◆ Entries taken from a collection
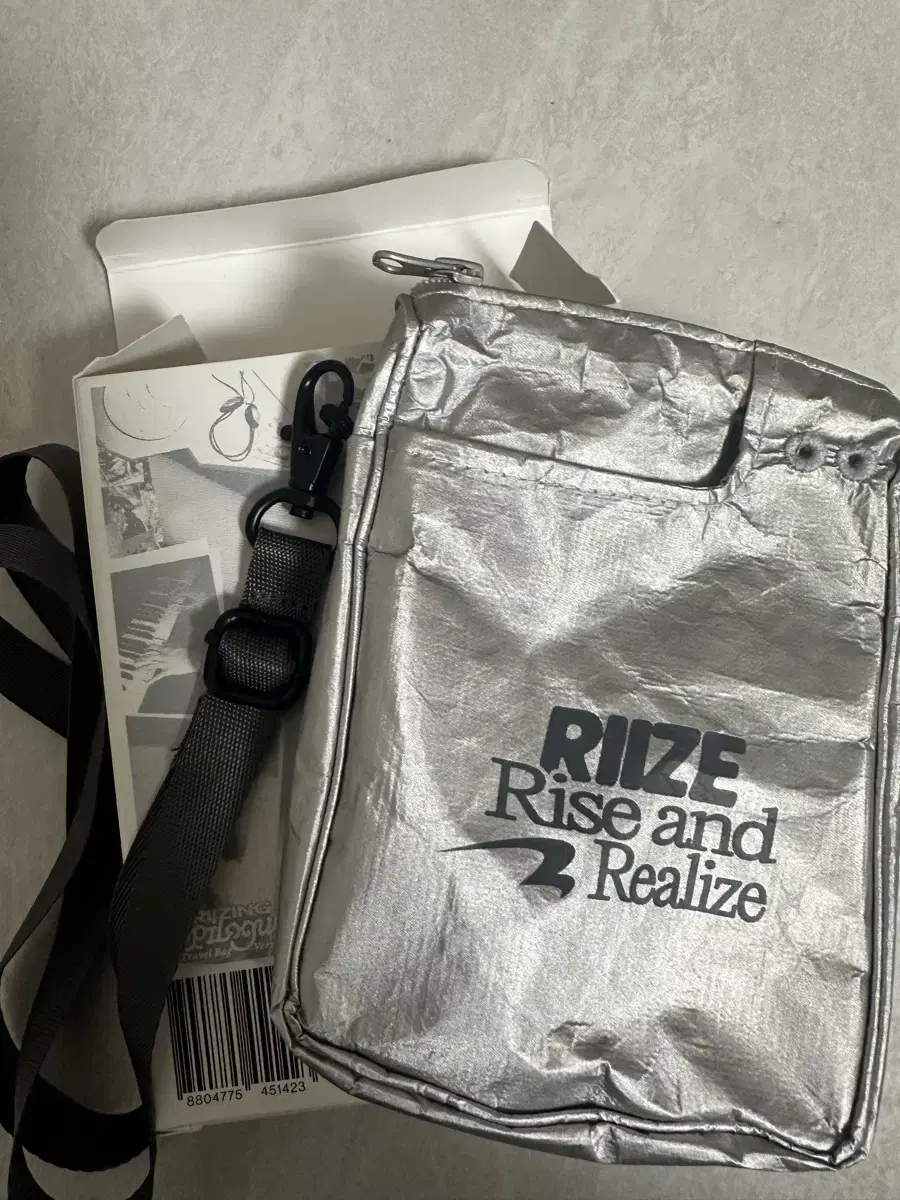 Rize Travelbag Silver Epilogue shotaro eunseok sungchan wonbin sohee chanyoung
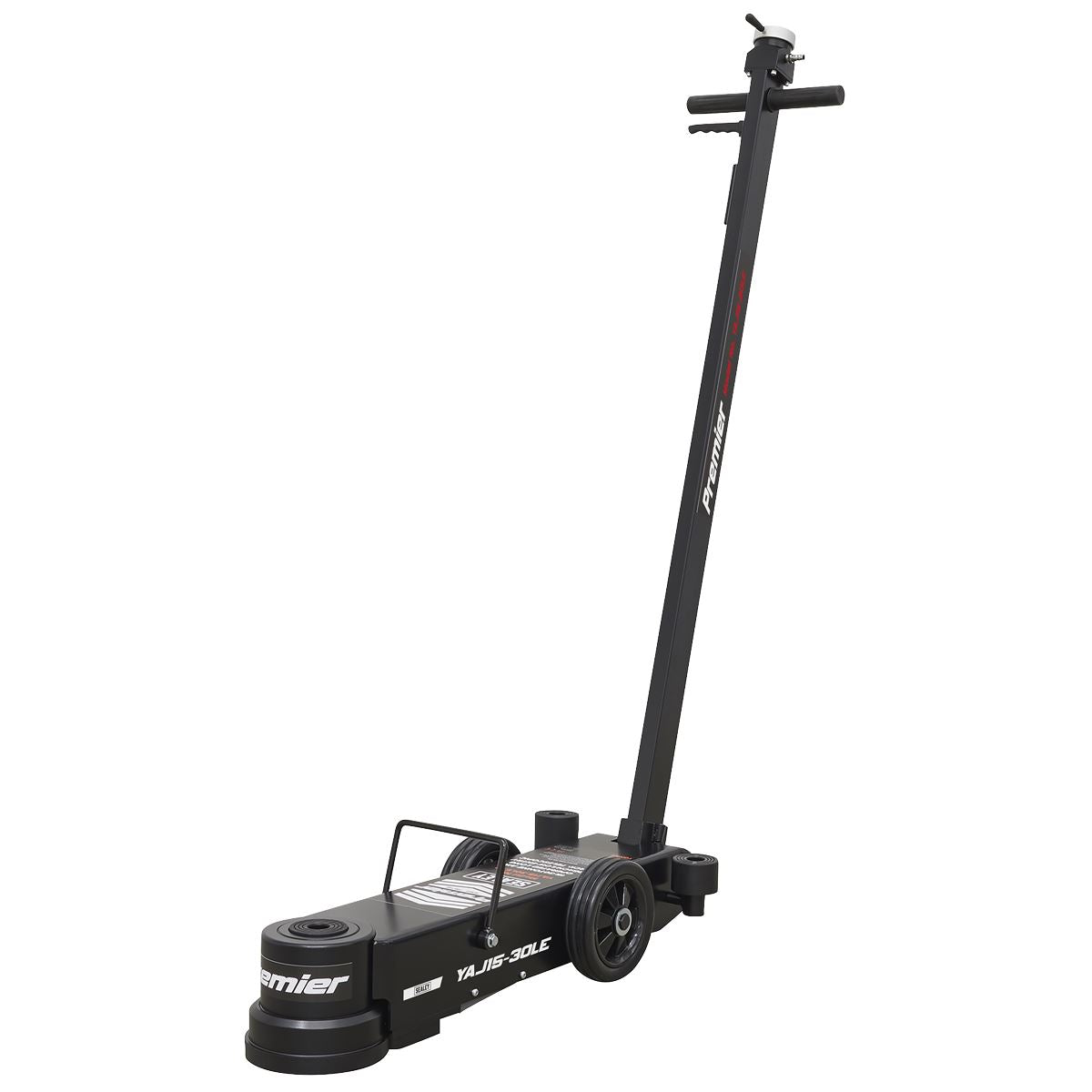 Sealey YAJ15-30LE Long Reach/Low Profile Air Operated Telescopic Jack 15-30 Tonne Sealey
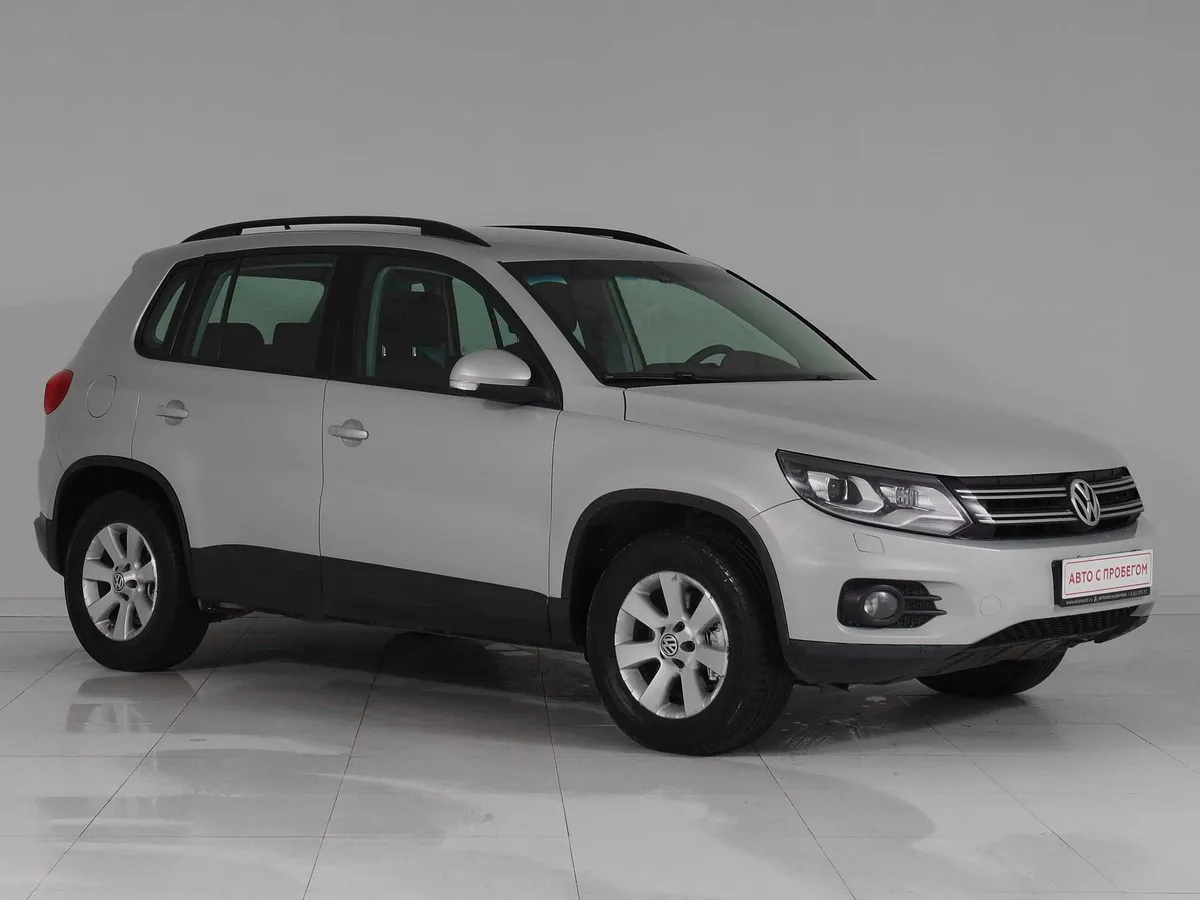 Volkswagen Tiguan I Рестайлинг · Cup — фото 3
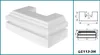 PRESTIGE DECOR Halbsäule mit Steg-Kannelierung 255x128mm Produktbild-Vorschau 4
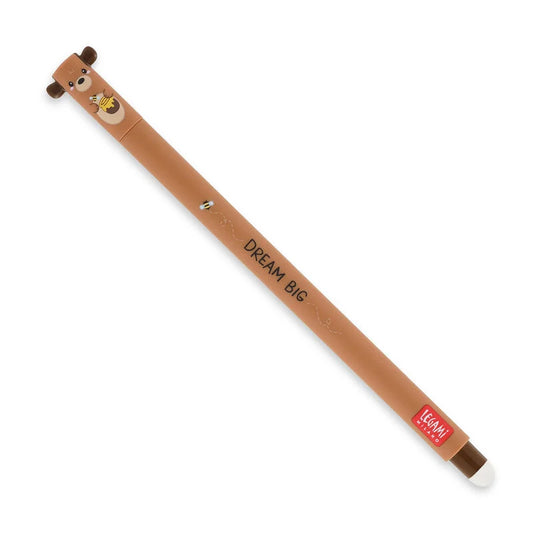 Caneta Gel Apagável Legami - Urso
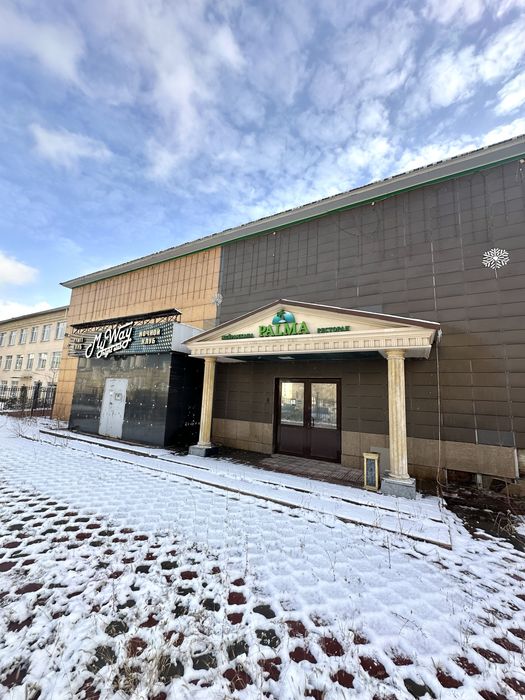 Продам отдельно стояшее здание 1405 кв.м. Серикбаева 5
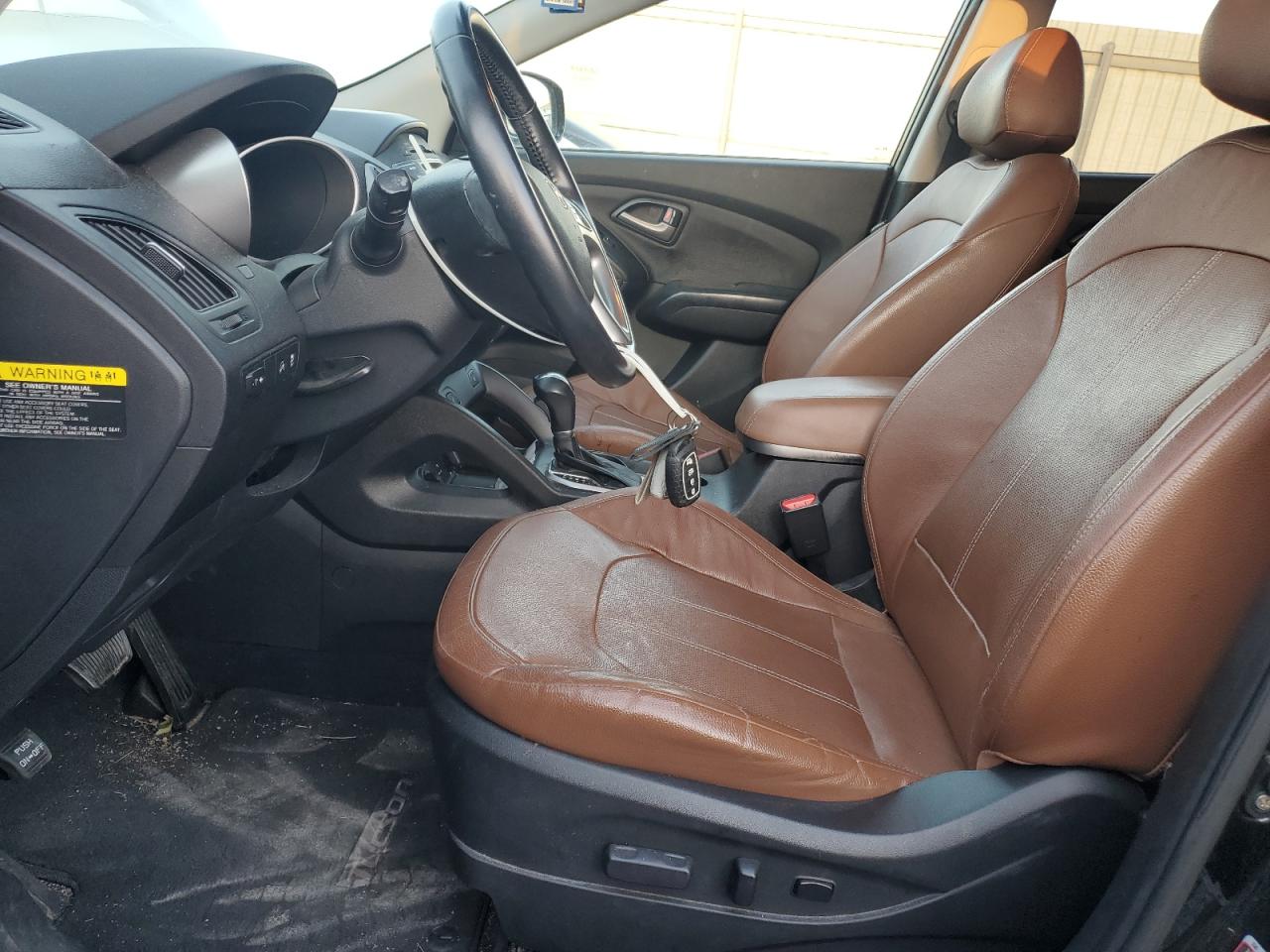 2015 Hyundai Tucson Limited VIN: KM8JU3AG5FU102087 Lot: 86214075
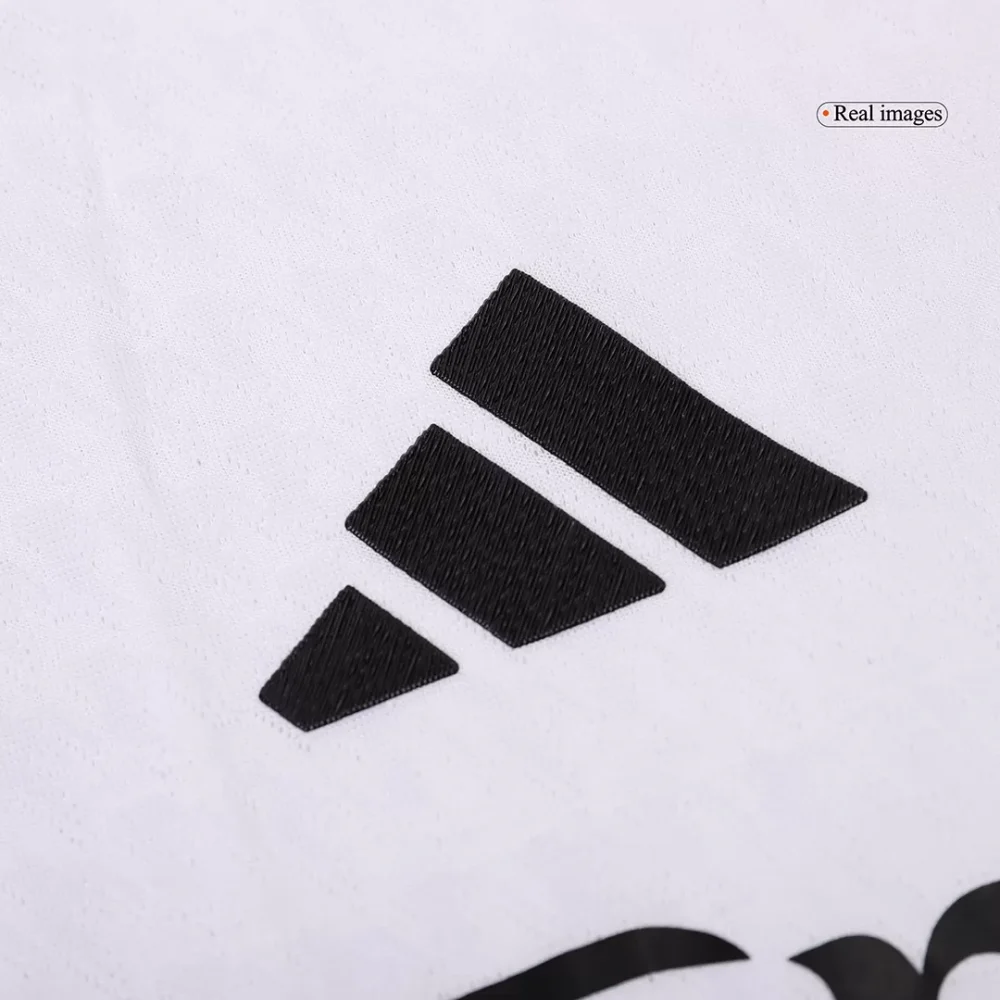 Authentic Real Madrid Home Long Sleeve Soccer Jersey - Image 10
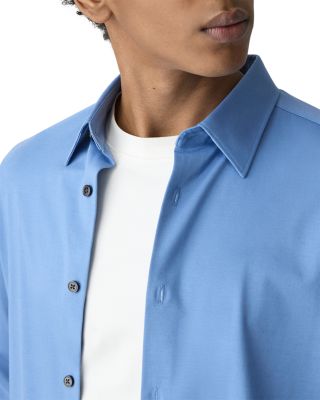 Sylvain Shirt in Structure Knit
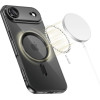 Tech-Protect Magflex Magsafe Case For Iphone 17 Air - Clear Black - (28359-0)
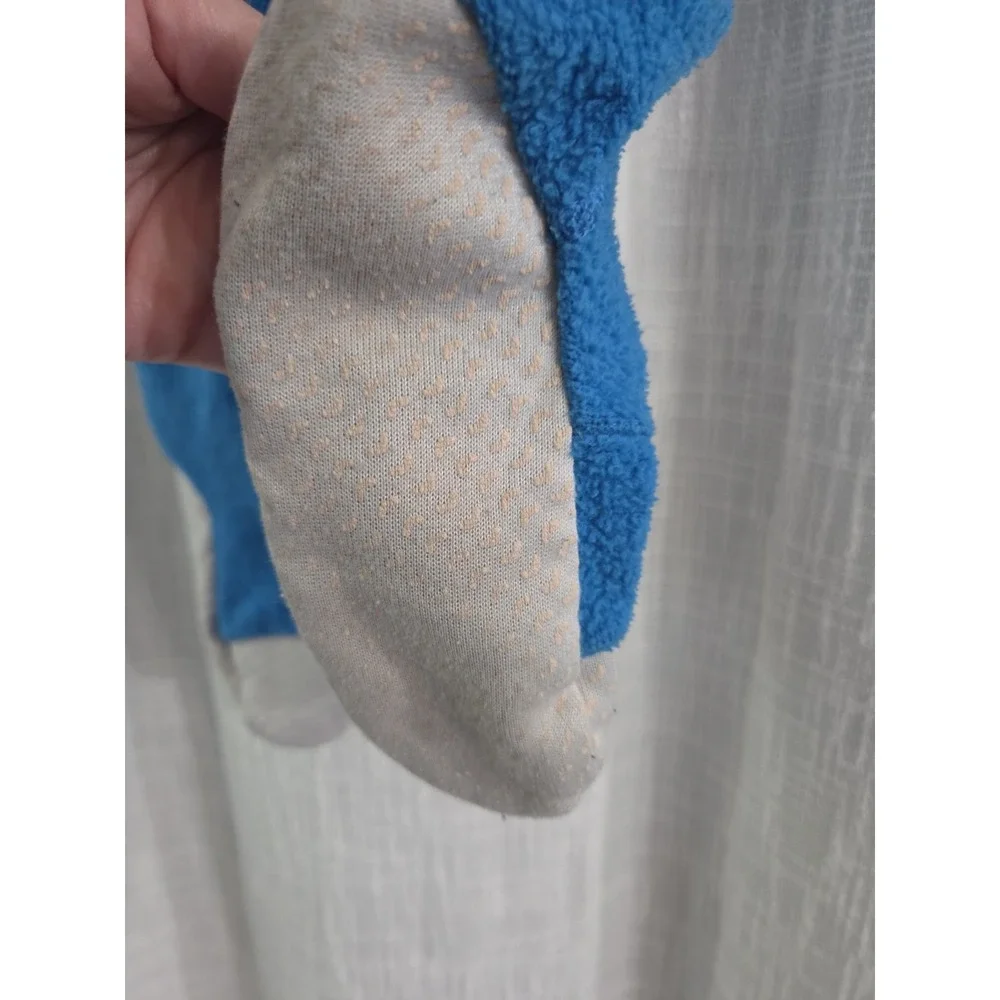 Vintage Paddington Bear Fleece Footed Sleeper Kids Size 3 Embroidered Bear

◆ Work item
Set down all of the entries precisely and keep the pictures out of the copy.

◆ Solution below
 Rize Travelbag Silver Epilogue shotaro eunseok sungchan wonbin sohee chanyoung
 Sealey YAJ15-30LE Long Reach/Low Profile Air Operated Telescopic Jack 15-30 Tonne Sealey
 Volkswagen Tiguan I Рестайлинг · Cup — фото 3
 PRESTIGE DECOR Halbsäule mit Steg-Kannelierung 255x128mm Produktbild-Vorschau 4
 Caneta Gel Apagável Legami - Urso
 Продам отдельно стояшее здание 1405 кв.м. Серикбаева 5
 2015 Hyundai Tucson Limited VIN: KM8JU3AG5FU102087 Lot: 86214075
 Authentic Real Madrid Home Long Sleeve Soccer Jersey - Image 10
 Sylvain Shirt in Structure Knit
 Tech-Protect Magflex Magsafe Case For Iphone 17 Air - Clear Black - (28359-0)
 Vintage Paddington Bear Fleece Footed Sleeper Kids Size 3 Embroidered Bear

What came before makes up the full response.